Tuesday 2 July 2013

Asean reaffirms commitment to fight haze

Senior officials directed to consolidate initiatives, propose preventive steps
By Leonard Lim, The Straits Times, 1 Jul 2013

ASEAN yesterday showed its resolve to tackle the haze that has choked the region in recent weeks, by directing its senior officials to both consolidate current initiatives and recommend steps to prevent a recurrence.

A joint communique issued after the 10 foreign ministers met here also said there would be a progress report on these efforts to top leaders at the next ASEAN summit in October.

ASEAN also reaffirmed its commitment to establish effective monitoring, rapid response and firefighting systems. It called on countries which have not ratified a 2002 ASEAN Agreement on Transboundary Haze Pollution - Indonesia is the only one - to do so "expeditiously".

The consensus was worked out by foreign ministers from Singapore, Indonesia and Malaysia during an informal meeting last Saturday, and agreed to by the rest during yesterday's ASEAN Ministerial Meeting.

Last Saturday's meeting, which involved the three countries worst hit by the haze, took place at the suggestion of Singapore's Foreign Minister K. Shanmugam. He said the haze paragraph in the communique focuses on "the importance of putting out the fires, of monitoring, verifying to prevent recurrences in the future".

Details have yet to be worked out but Singapore has emphasised as recently as a week ago that the long-term solution is for Indonesian farmers to adopt a more sustainable method of clearing plantations.

While it may not be possible to totally stop poor farmers from slash-and-burn practices, Emeritus Senior Minister Goh Chok Tong said on Facebook that it "should be easy" to prevent commercial plantation owners from doing so next year.

"With satellite technology, new laws if necessary, and political will, smoking guns can be identified, confiscated and made to pay if they are fired," he wrote, on a day when the Pollutant Standards Index in Singapore fell to its lowest level in a fortnight.

Separately, Mr Shanmugam said Singapore, Malaysia and Indonesia had also agreed on a trilateral process where officials will look at what is happening on the ground and make recommendations on the way forward. These officials could come from the foreign affairs and environment ministries, and Indonesia's forestry ministry. The group will also give an update at the Asean summit.

Indonesia's Foreign Minister Marty Natalegawa said it was good to have an outcome that recognises the haze as an issue that must be addressed at the national level, and in synergy with regional efforts.
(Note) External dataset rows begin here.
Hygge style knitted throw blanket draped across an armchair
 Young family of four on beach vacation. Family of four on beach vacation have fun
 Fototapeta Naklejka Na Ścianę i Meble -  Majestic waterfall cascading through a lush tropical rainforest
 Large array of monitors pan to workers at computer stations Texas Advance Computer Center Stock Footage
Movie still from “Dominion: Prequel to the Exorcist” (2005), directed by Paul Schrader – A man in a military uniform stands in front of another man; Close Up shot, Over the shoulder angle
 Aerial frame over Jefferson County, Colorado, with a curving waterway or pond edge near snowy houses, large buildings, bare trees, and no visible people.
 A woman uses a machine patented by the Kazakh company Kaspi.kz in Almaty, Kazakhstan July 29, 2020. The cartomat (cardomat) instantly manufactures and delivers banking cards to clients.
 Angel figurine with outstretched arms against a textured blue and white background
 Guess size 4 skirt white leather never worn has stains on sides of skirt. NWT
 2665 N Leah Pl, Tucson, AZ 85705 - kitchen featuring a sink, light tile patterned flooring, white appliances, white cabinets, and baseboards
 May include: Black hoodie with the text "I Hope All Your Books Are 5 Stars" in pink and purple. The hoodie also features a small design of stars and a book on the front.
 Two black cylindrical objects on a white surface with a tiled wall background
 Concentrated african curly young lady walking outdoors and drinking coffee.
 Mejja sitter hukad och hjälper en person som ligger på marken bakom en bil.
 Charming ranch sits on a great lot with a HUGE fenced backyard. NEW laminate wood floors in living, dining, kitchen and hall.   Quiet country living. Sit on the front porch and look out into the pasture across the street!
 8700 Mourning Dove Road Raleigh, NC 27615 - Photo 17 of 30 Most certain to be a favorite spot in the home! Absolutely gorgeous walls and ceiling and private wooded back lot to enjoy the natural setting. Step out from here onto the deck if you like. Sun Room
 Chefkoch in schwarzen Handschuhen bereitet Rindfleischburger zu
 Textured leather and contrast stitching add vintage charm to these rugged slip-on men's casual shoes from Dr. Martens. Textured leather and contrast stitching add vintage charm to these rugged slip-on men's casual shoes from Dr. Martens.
Asked if Singapore's objectives had been achieved, Mr Shanmugam said: "What you really want is for the entire region to be free of haze, and that will involve actions over a period of time."

The challenge would be in implementation but "I would say our views as to how Asean needs to deal with it have come true".

Meanwhile, a spokesman for Indonesia's National Disaster Mitigation Agency said the number of hot spots has fallen from a peak of 265 last Monday to one last Saturday.

ESM Goh also thanked Indonesia's President Susilo Bambang Yudhoyono for showing will, graciousness and dignified statesmanship in dealing with the haze.

"This is appreciated, in contrast with the boorish remarks of some of his ministers," he added.

ESM Goh thanks SBY for efforts to tackle haze problem
TODAY, 1 Jul 2013

Emeritus Senior Minister Goh Chok Tong yesterday thanked Indonesia’s President Susilo Bambang Yudhoyono for showing “will, graciousness and dignified statesmanship” in dealing with the haze problem.

Writing on Facebook, Mr Goh noted that the number of hot spots in Sumatra had dropped and the Pollutant Standards Index reading was in the moderate range.

He attributed the improvement in the haze situation to “rain, wind direction change and the Indonesian President’s directive to his ministers to put out the many fires”.

Mr Goh added that Mr Yudhoyono’s efforts were “appreciated, in contrast with the boorish remarks of some of his ministers”.

Going forward, Mr Goh reiterated that “prevention is better than cure”. “It may not be possible to totally stop poor farmers from their slash-and-burn practice but it should be easy to prevent commercial plantation owners from doing so,” he said.

“With satellite technology, new laws if necessary and political will, smoking guns can be identified, confiscated and made to pay if they are fired.”

Asean 'back on track' to fight haze
All 10 members on board as part of solution: Jakarta
By Leonard Lim, The Straits Times, 3 Jul 2013

ASEAN is back on track to tackle the haze issue with all 10 members on board as part of the solution, Indonesia's Foreign Minister Marty Natalegawa told The Straits Times yesterday at the close of meetings with his counterparts.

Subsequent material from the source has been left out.